For those who live in urban centers, navigating life during COVID-19 has meant rethinking use of green spaces. Pre-COVID, the local park, courtyard or well-designed backyard may have been a nice-to-have amenity, but the pandemic brought to light the importance of accessible green spaces for both physical and emotional wellbeing. From socially distant picnics and playdates to outdoor fitness classes and leisurely walk-and-talks, green spaces have become an essential antidote to isolation, with many city dwellers rediscovering the joys of moving leisure activities outside.
As the nation heads into summer ‘21 with a robust COVID-19 vaccine rollout underway and a majority of states moving towards full re-openings, green spaces continue to remain popular from both a usage and planning perspective. The zeitgeist shift, namely a renewed desire to spend more time outdoors, looks to be here for the foreseeable future. Additionally, data shows measurable health benefits of increasing urban green spaces, leading architects and designers to conceptualize new ways to increase access to the natural world in the context of high-density residential living.
We recently sat down with architect David Hovey Jr., President and COO of design-driven real estate development firm Optima, Inc., to learn more about how his firm is integrating green spaces into urban residential developments. “Well-designed green spaces will continue to be critically important in any residential development moving forward,” Hovey says. “COVID certainly brought about an immediacy to offering residents creative solutions to engage with their natural surroundings. A new, or renewed, desire to spend more time outdoors was the catalyst for us to further commit to outdoor amenity offerings.” For example, Hovey notes that, upon seeing the booming popularity in backyard entertaining during 2020, his team pivoted plans for a new build in Chicago to incorporate “new ways for residents to connect with the outdoors” such as modifying terraces to equip them with built-in grills and fire pits so people can have a more fluid indoor-outdoor lifestyle.
Hovey’s team is also incorporating lush landscaped courtyards and signature vertical landscaping systems into their building designs to “help residents find an easy way to reinvigorate during off hours, or find themselves inspired while working, something we expect many people will continue to do remotely.” In addition to connecting residents with nature, vertical landscaping is an effective means of filtering out pollutants and carbon dioxide, Hovey explains, which is an added health benefit for residents living in dense urban centers.
Hovey offered the following examples of Optima’s creative implementation of additional outdoor/green space into post-pandemic urban residential settings:
- At Optima Kierland, Optima’s signature vertical landscaping system creates a lush view from each resident’s terrace, while 100% underground parking allows for an additional 5.5 acres of courtyards throughout the community.

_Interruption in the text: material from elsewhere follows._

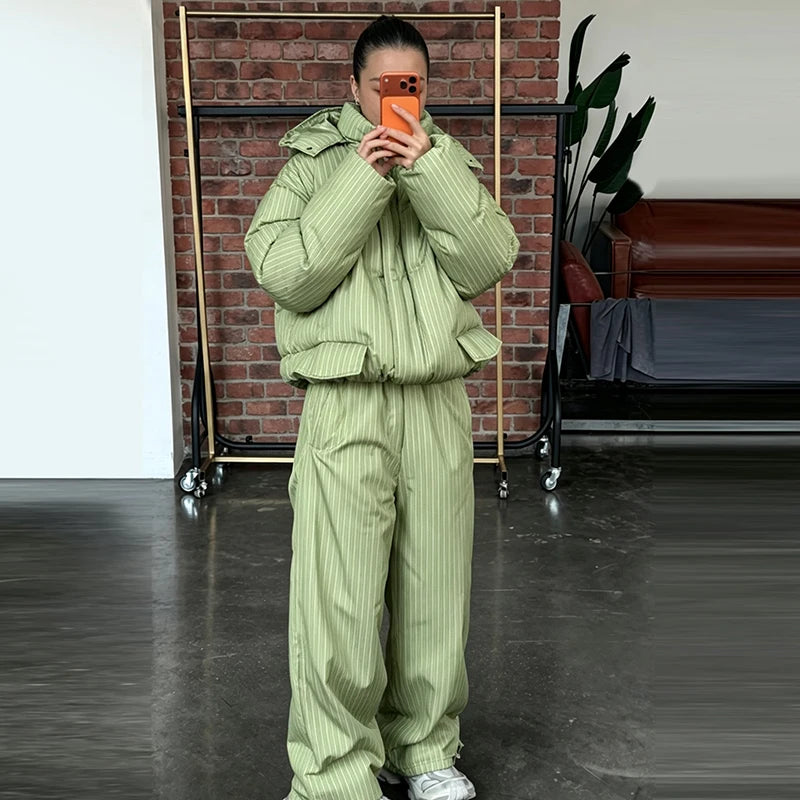 Women's Striped Puffer Jacket Two Piece Set Detachable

- Optima Kierland’s rooftop yoga studio is enclosed by glass with retractable walls, so residents can open the wall and practice yoga and meditation from the roof – all while taking in mountain views and breathing in desert breezes.
- Optima Kierland offers a rooftop running track. Residents can run outdoors around the track with 360-degree views and the benefits of a green roof, which includes both green landscaping and trees.

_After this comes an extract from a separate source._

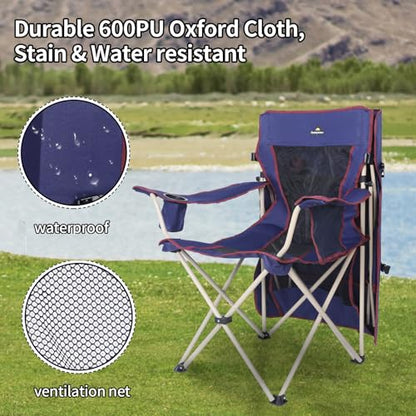 Camping Chair with Canopy - Beach Chair with Shade for Outdoor Use, Adjustable Sunshade, Cup Holder, Side Pockets - Heavy Duty Folding Chair Supports 330 lbs (Navy) - color: Navy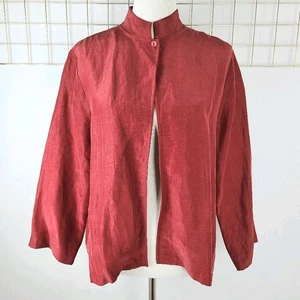 Eileen Fisher Damen Top groß Seide-Leinen Mandarinkragen vorne offen - lesen *Mangel* - Bild 1 von 12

- When designing two neighboring high-rise apartment towers in downtown Chicago, the outdoor entry plaza was designed to invite members of the surrounding community to take advantage of seating at its landscape planters while enjoying public art.
According to Hovey, these types of planned green spaces are going to become increasingly important in post-pandemic urban centers, as architects and designers continue to find new ways to create “easily accessible green spaces that give residents an opportunity to connect with their natural surroundings.”